__Data under study__:

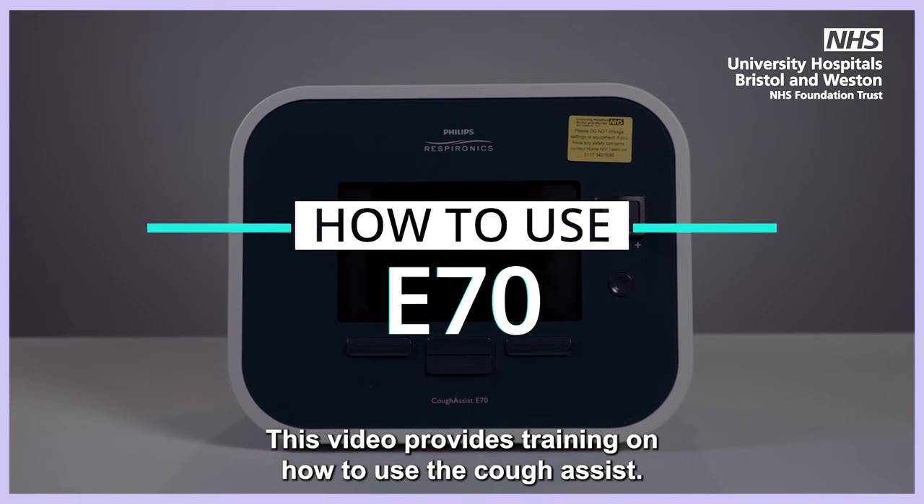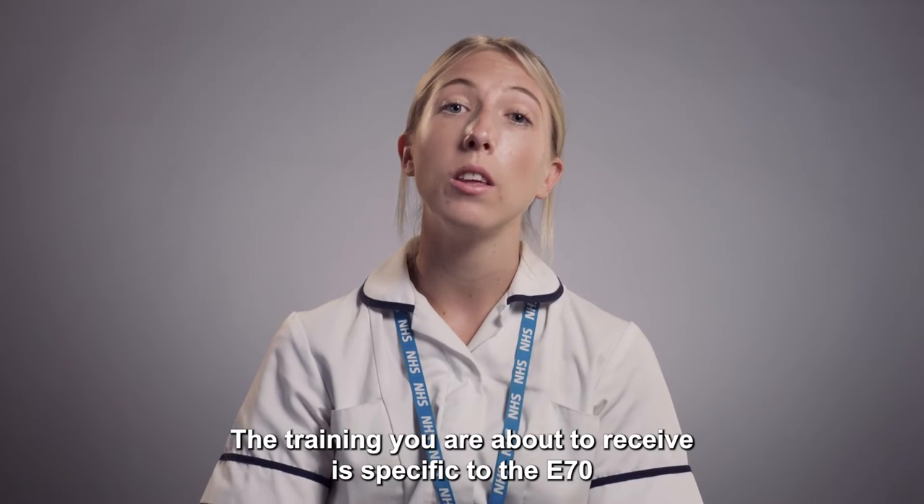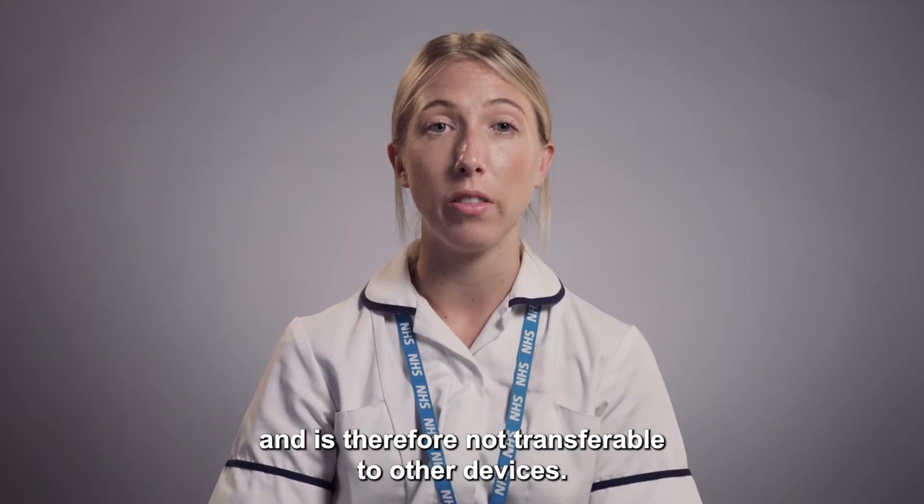E70. This video provides training on how to use the Cough Assist. The training you are about to receive is specific to the E70 and is therefore not transferable to other devices.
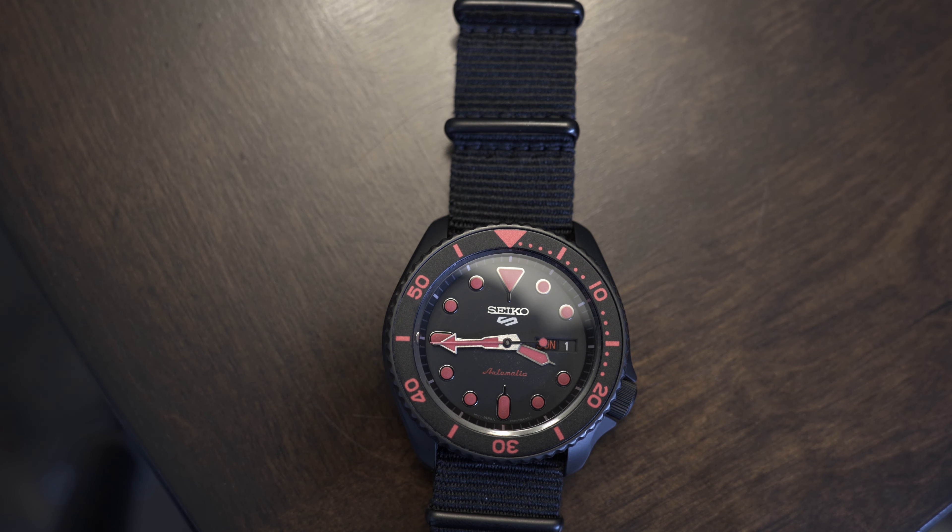Your watch doesn't have to be fancy. It doesn't have to be expensive. You just have to like it yourself, or like what you're going to use it for, or whatever it is.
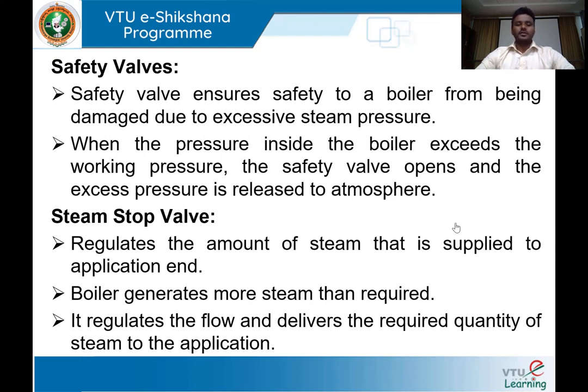The steam stop valve: once steam is generated in the boiler, it must be supplied to the application point. The steam stop valve supplies the required amount of steam to the point of use. Since the boiler generates more steam than may be required, the steam stop valve regulates the flow and delivers the correct quantity of steam — for example, to run a steam turbine.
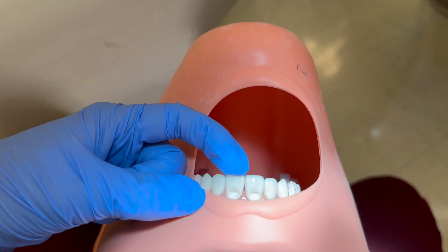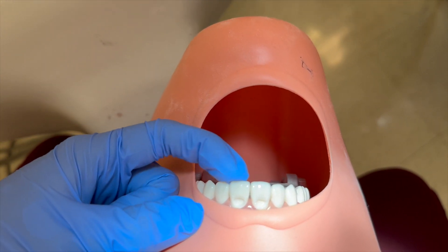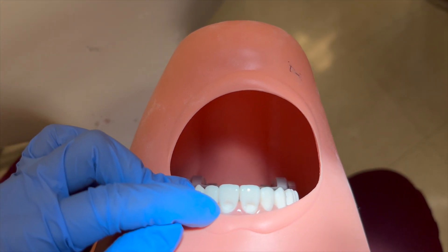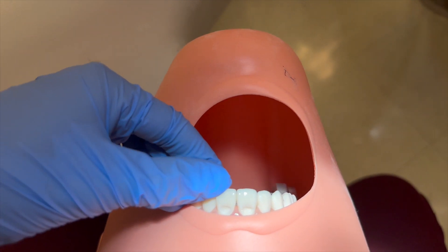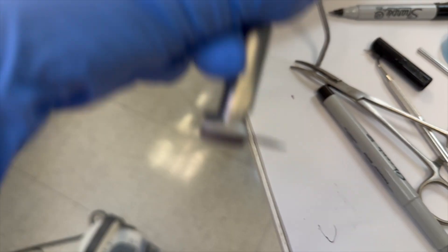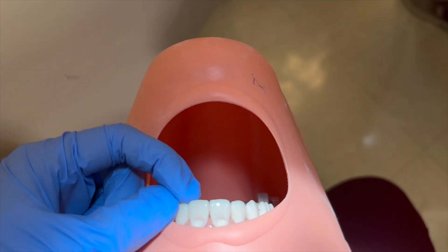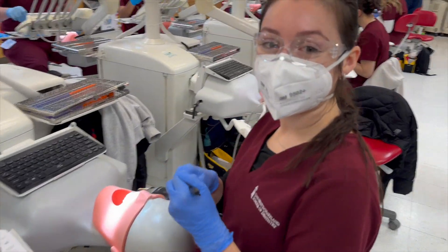Here I have number eight and number nine prepped with the bevel. I did improve from number eight to number nine — my number eight prep was a little too small and the bevel was too long. For number nine I got just about the right thickness and width for the prep as well as the bevel. The bevel is kind of hard to see but it's basically just an inclination down that we do with this flame diamond bur. We have to do about six of them by our next class. I've been moving pretty slow just to get a feel for it, but hopefully I can start moving a little faster.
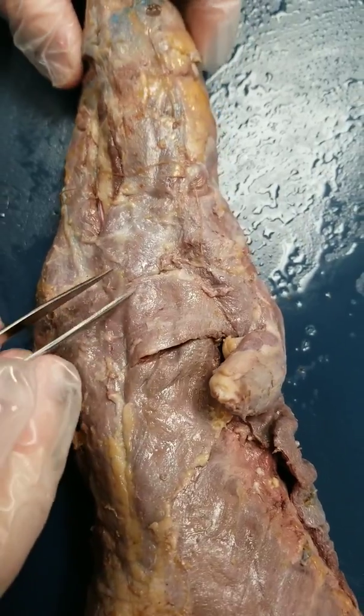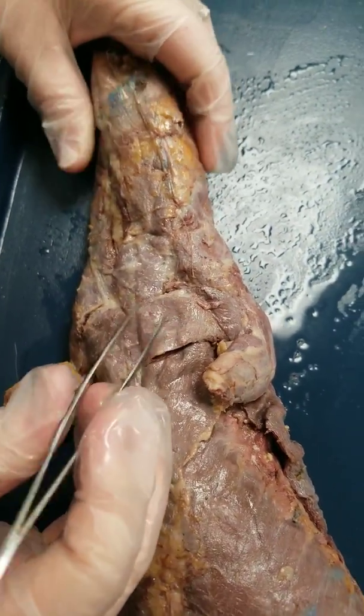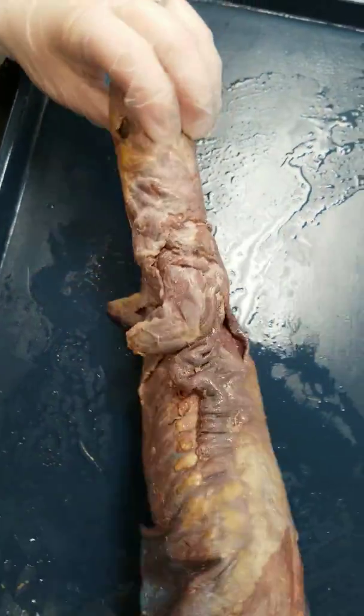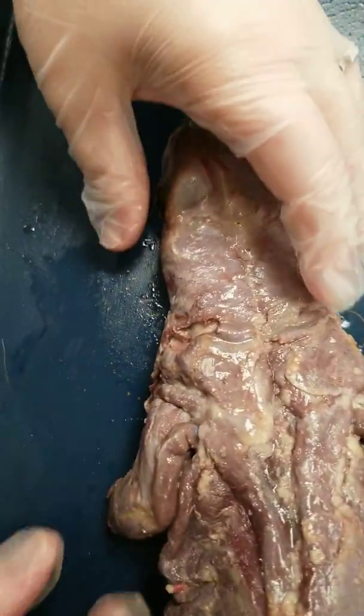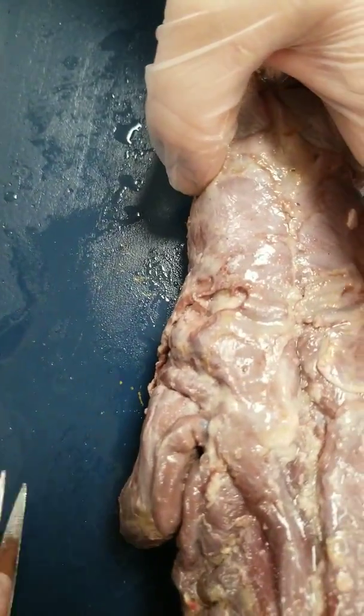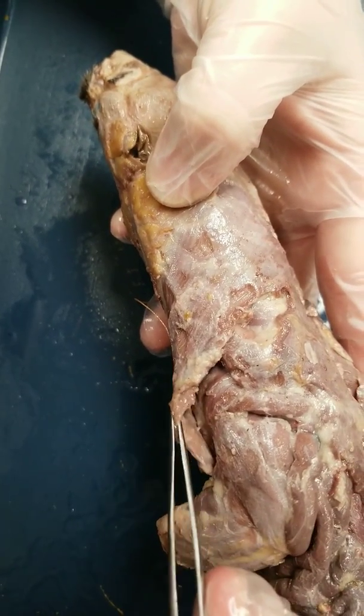Then we move up to the neck and shoulder area of the mink. I'm going to rotate her over so that you can see the muscle a little bit better.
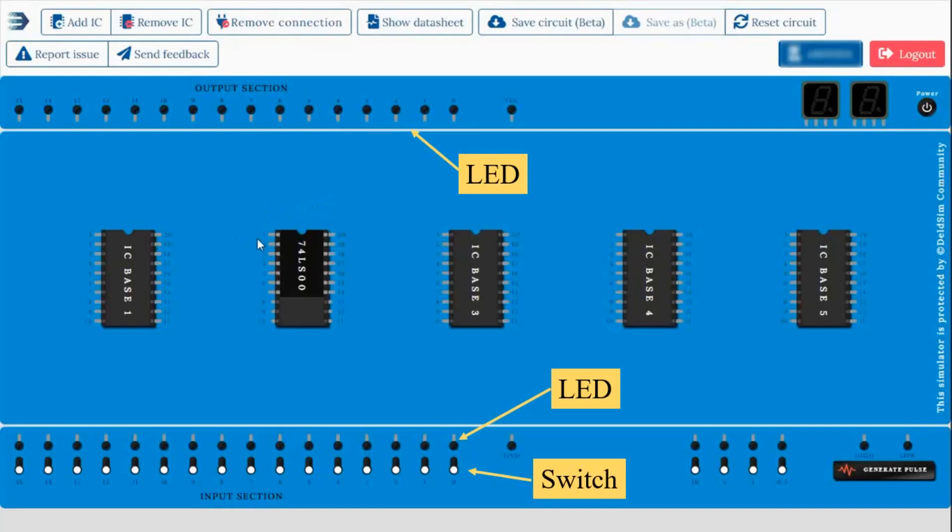Suppose pin number one is the input pin, so I have to connect it with one of the inputs. For connecting, you need to click on pin one, then hold and drag it to the input LED where you want to connect, then release the mouse at the input LED point to make the connection. You can also connect by the reverse process.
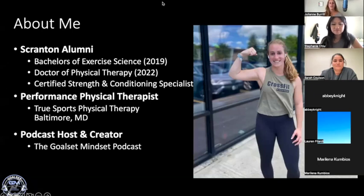A little bit about me: my name is Julie. I'm a recent graduate of Scranton, proud alumni — I wear Scranton gear everywhere I go. I studied exercise science, graduated with my undergrad degree in 2019, went right into the Doctor of Physical Therapy program, which I just graduated from this past May. Over the course of my time at Scranton I was involved in quite a bit, including serving as the strength and conditioning coach for a few varsity teams on campus.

__About this task__:
In the records above, everything from the line with "Then we move" down to the line with "Suppose pin number" must be duplicated exactly, both lines kept. Leave no pictures in.

__Reply to the exercise__:
Then we move up to the neck and shoulder area of the mink. I'm going to rotate her over so that you can see the muscle a little bit better.
Suppose pin number one is the input pin, so I have to connect it with one of the inputs. For connecting, you need to click on pin one, then hold and drag it to the input LED where you want to connect, then release the mouse at the input LED point to make the connection. You can also connect by the reverse process.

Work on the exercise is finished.